Task directions -
Beginning at the line that holds "NikeCourt Heritage image number 2" and continuing to the last line of the data below, transcribe every line word for word, without pictures.

Data excerpt -
+ + +

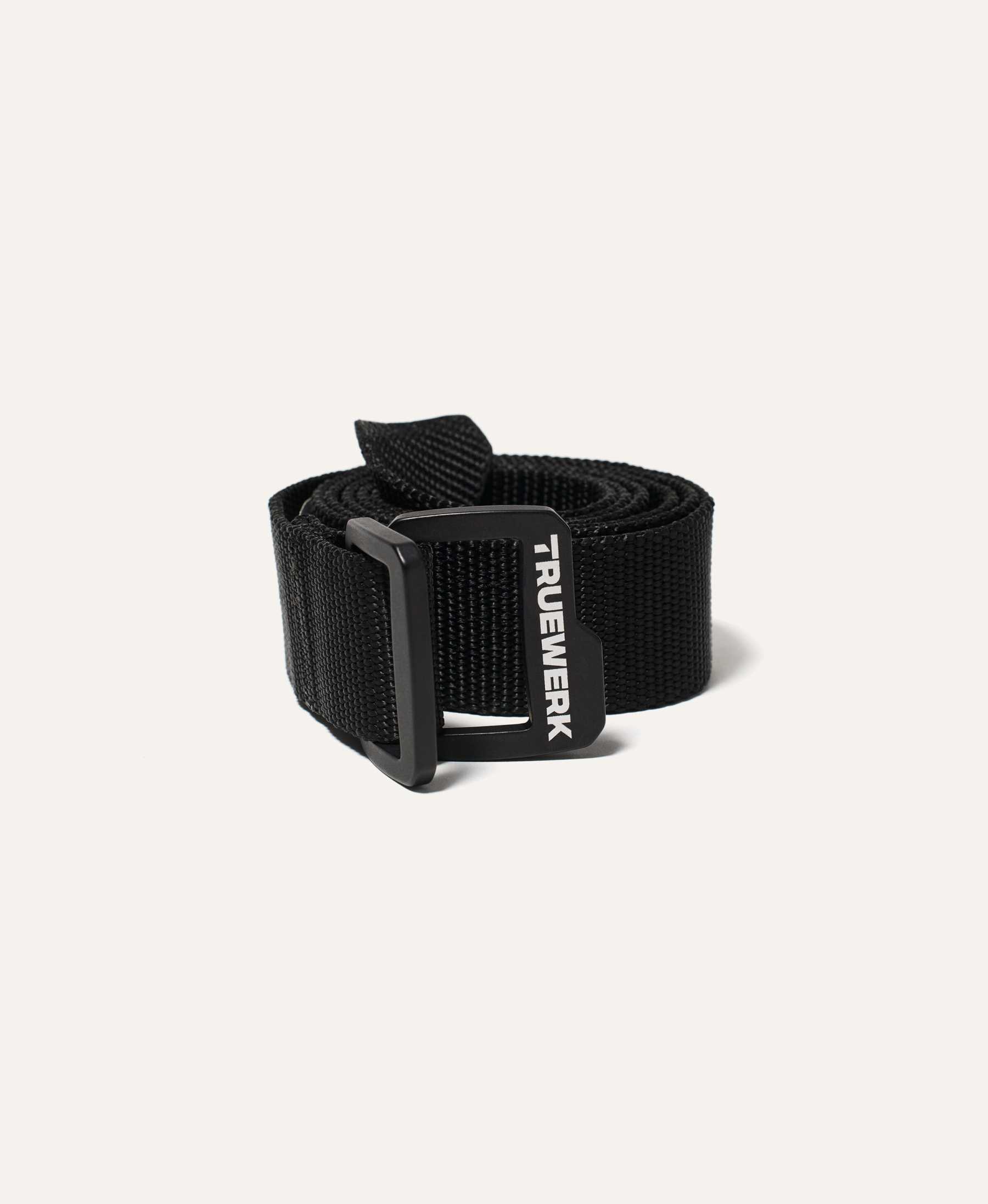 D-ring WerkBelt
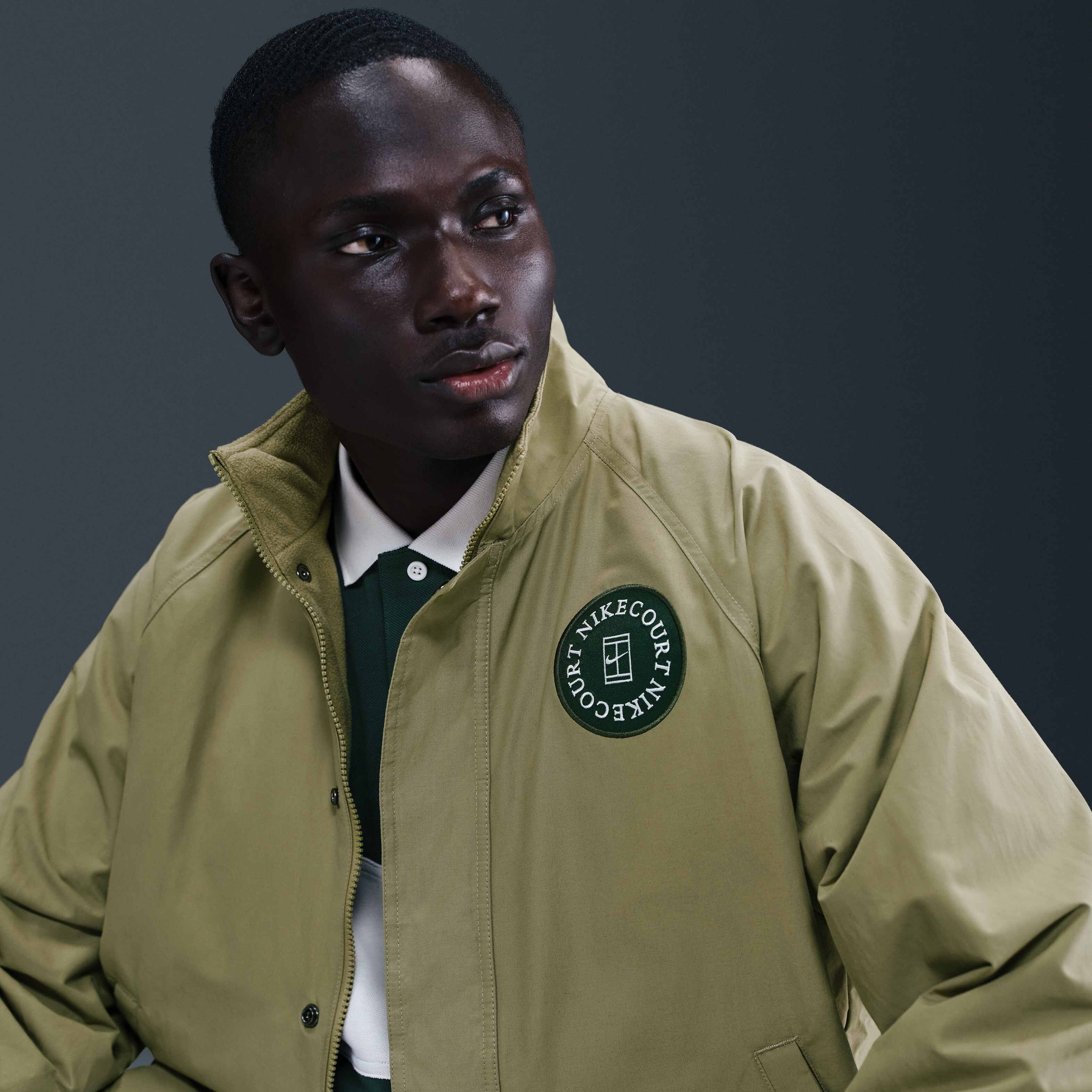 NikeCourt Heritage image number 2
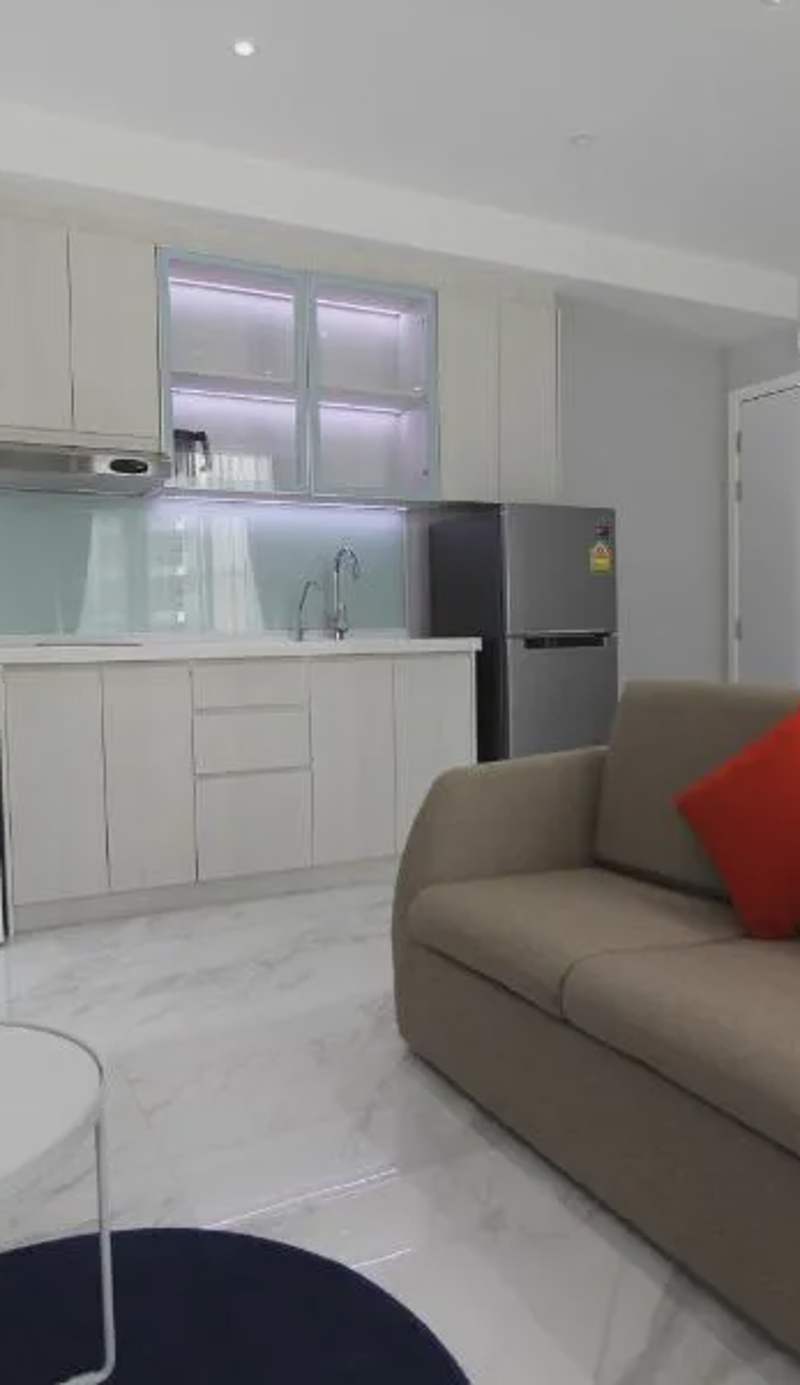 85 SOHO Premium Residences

+ + +

Task result -
 NikeCourt Heritage image number 2
 85 SOHO Premium Residences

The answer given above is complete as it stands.